This variable length functionality is not (yet) compatible with using `GeometryStatistics`, which would normally be used to help set up priors for fixed-length molecules. Instead, we seek to demonstrate a usage of CGSchNet in the same spirit of the original SchNet architecture [2] which does not use priors. For simplicity here, we assume that priors are not needed (which is in general not a safe assumption for learning CG force fields, as noted by [1]). 

With no need to instance a `GeometryStatistics` object, we move onto constructing our dataset. This is done using the `MultiMoleculeDataset` object. This object is used to handle and assemble datasets that contain multiple molecules of variable lengths. It is intialized by passing __*lists of variable length coordinates, forces, and embeddings*__, where these three lists are all in the same order (e.g., `varied_coords[2]`, `varied_list[2]`, and `varied_embeddings[2]` give the coordinates, forces, and embeddings of the example at index 2):

In [None]:
varied_dataset = MultiMoleculeDataset(varied_coords, varied_forces, varied_embeddings)
print("Dataset length: {}".format(len(varied_dataset)))

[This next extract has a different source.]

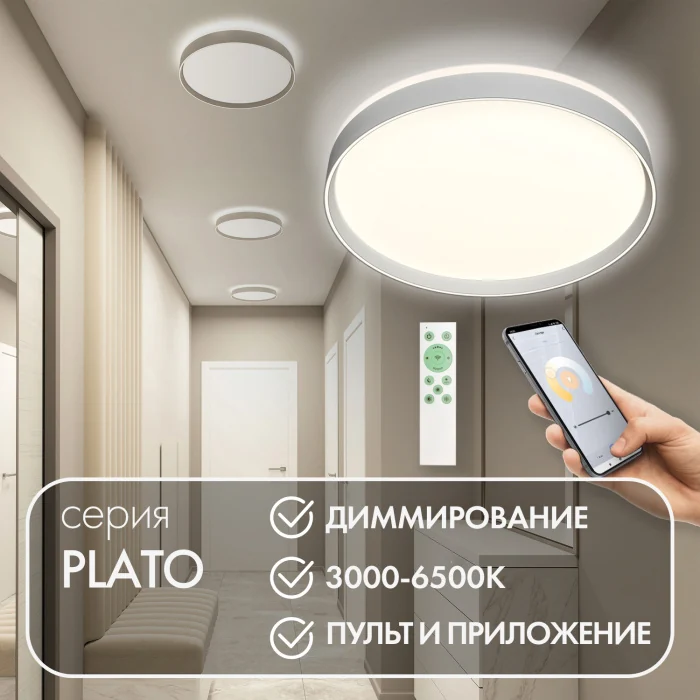 Потолочный светильник Denkirs PLATO DK6511-WH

Lets take a look at the first 3 examples from this varied molecule dataset:

In [None]:
indices = [0, 1, 2]
for index in indices:
    output = varied_dataset.__getitem__([index])[0]
    print("Coordinates size: {}".format(output['coords'].shape))
    print(output['coords'])
    print("Forces size: {}".format(output['forces'].shape))
    print(output['forces'])
    print("Embeddings size: {}".format(output['embeddings'].shape))
    print(output['embeddings'], end='\n\n')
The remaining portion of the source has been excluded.